Now, understand your original situation: Your eth0 interface originally had two active scopes: /24 and /27. 172.16.45.3 was the primary address for the /24 scope, while 172.16.45.21 was the primary address for the /27 scope (because it is listed first). When you issued the ifconfig command to change the prefix of the first address, it deleted it and reinserted it as a secondary address in the /27 scope. So now you should have something like this:

inet 172.16.45.21/27 brd 172.16.45.31 primary   eth0:11
inet 172.16.45.22/27 brd 172.16.45.31 secondary eth0:12
inet 172.16.45.3/27  brd 172.16.45.31 secondary eth0

It doesn't matter that eth0 should be primary, or that it looks like it should be primary (another reason not to use ifconfig). It was inserted latter in the /27 scope, so it is a secondary address. This also means that outbound packets will be addressed 172.16.45.21, and that if you bring eth0:11 down using ifconfig, all your addresses will be taken down together. This is how it works.

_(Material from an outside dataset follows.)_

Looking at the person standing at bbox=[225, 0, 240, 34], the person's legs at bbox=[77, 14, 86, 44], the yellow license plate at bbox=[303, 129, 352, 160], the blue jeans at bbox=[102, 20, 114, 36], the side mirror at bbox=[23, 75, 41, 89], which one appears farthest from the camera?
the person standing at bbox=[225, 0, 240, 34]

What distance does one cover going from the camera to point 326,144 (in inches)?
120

The only way to fix this is to remove all addresses from the interface and reinsert them in the correct order. Then, the first address added (in the /27 scope) will be the primary address in that scope, and further addresses will all be secondaries.

The addressing was already broken from the beginning, there wasn't much you could do in this situation. Your best solution is to just restart the network service.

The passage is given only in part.